I too have been comparing powerquery (M) to powerpivot (DAX) as a tool for analysis. There is one area already that I believe powerquery has the advantage and that is when you need to generate a list of members based on the results of an initial query – obvious example is the common task of creating a histogram. Dynamically converting measures into members via dax is not easy. I have also been comparing sql with m as a language for analysts – definitely some plus points for powerquery here.

Steven PetersOctober 24, 2013 at 12:50 pm

Thanks Chris – some great stuff there, so thanks for sharing. I’m enjoying Power Query also – I find the coding/debugging experience is already much better than Excel Formulas or DAX. It’s certainly 100 times easier than SSIS or similar ETL tools.

I got the idea from your Year-to-Date Sales function to write a function that returns a Running Count / Index within a group – I just pass an extra function parameter for the current group, then add that test to the Table.SelectRows criteria. Final change was to change List.Sum to List.Count.

Mike HoneyAugust 19, 2014 at 2:00 am

@Chris

Here is one more way of doing Running Totals.

Assuming you have a 2 Column Table of Month (Jan,Feb…) and Sales (10,30…) and the Table is called S

The below M Code generates a Cumulative Sales Column called cSales

let

Source = Excel.CurrentWorkbook(){[Name=”S”]}[Content],

mTbl= Table.AddIndexColumn(Source,”Index”),

mTotal = Table.AddColumn(mTbl, “Total”, each Table.Range(mTbl,0,[Index]+1)),

cTotal = Table.AggregateTableColumn(mTotal, “Total”, {{“Sales”, List.Sum, “cSales”}}),

rColumn = Table.RemoveColumns(cTotal,{“Index”})

in

rColumn

I have no Idea how the performance compares with your method…but I was able to build this via the UI – so for someone not very proficient with M yet this looks easier.

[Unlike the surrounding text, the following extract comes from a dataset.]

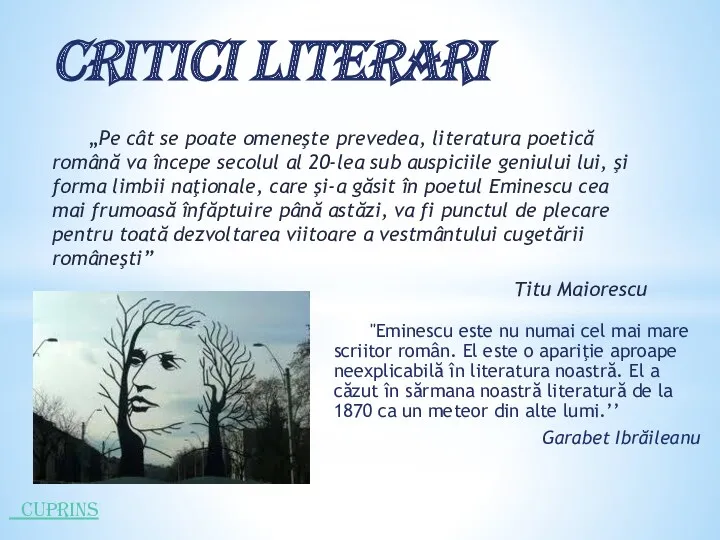 Critici literari „Pe cât se poate omeneşte prevedea, literatura poetică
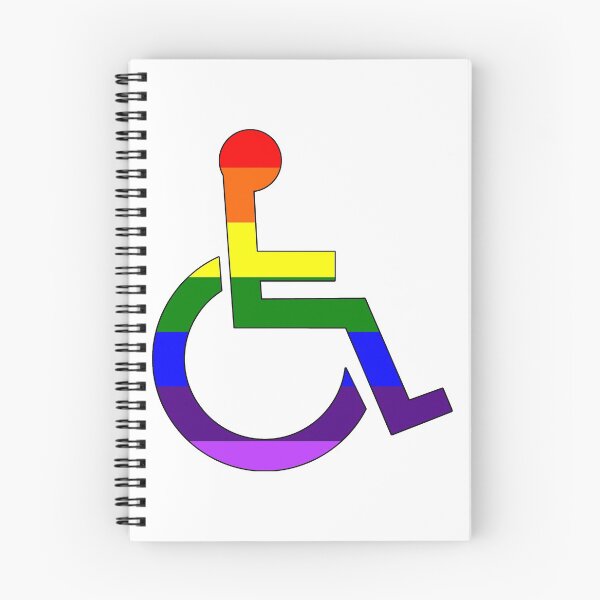 Item preview, Disabled LGBTQ Pride designed and sold by NatLeBrunDesign.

samOctober 3, 2014 at 6:39 am

Thanks!

Chris WebbOctober 3, 2014 at 10:39 am

[…] 157 6 157 77 157 45 157 29 95 35 95 40 95 2 95 18 95 35 104 34 I believe the answer is here but I just can't make it work. I'm not an IT guy and I'm new to M language. Thank […]

Sum in Power QueryOctober 28, 2014 at 7:22 pm

Hi Chris, I need to do a nested share (just like the one in your example above) but I must end up with the cumulative % for each category. How would you do that?

moncherwatsonMarch 18, 2015 at 11:51 am

Hi Chris and team,

I’ve got an fairly complex variation of your example above, but i’m running into some roadblocks and hoping you could provide some guidance.

Basically, I’m generating a dynamic list of employee hours – these are categorized by hours per day for multiple employees. My goal is to automatically “code” the hours as overtime or regular time, based on the US regulations for those hours (for instance, 40 hours per week would be considered regular time, anything over that are considered overtime).

The difficulty I’m running into is creating a “running” tally of the hours by employee by the Date.WeekOfYear.

It’s laid out sort of like these three columns:

John Doe – 3/13/15 – 9 hours

Bob Employee – 3/14/15 – 12 hours

John Doe – 3/14/15 – 12 hours

Bob Employee – 3/16/15 – 12 hours

I’m trying to dynamically calculate a fourth column which would show the running total for the week:

John Doe – 3/13/15 – 9 hours – 9 hours

Bob Employee – 3/14/15 – 12 hours – 12 hours

John Doe – 3/14/15 – 12 hours – 21 hours

Bob Employee – 3/16/15 – 12 hours – 24 hours

Then reset each week and start the calculation again. I’ve used a variation of your function above, and it outputs a running tally, but it’s not a) separated by week and b) separated by individual employee.

Any recommendations?

JDH

JimmyMarch 27, 2015 at 5:25 am

I can think of a way to do this, but as always the real challenge is to come up with an *easy* way to do this. Maybe you could try something like this:

1) Create a Power Query function that adds a running total column to a table that only contains data for a single employee for a single week

2) Use Table.Partition() to split your current table up into a list of tables that each contain data for just one employee and one week

3) Apply the function created in (1) to every table in the list in step (2)

4) Combine the list of tables back into a single table

Chris WebbMarch 30, 2015 at 5:01 pm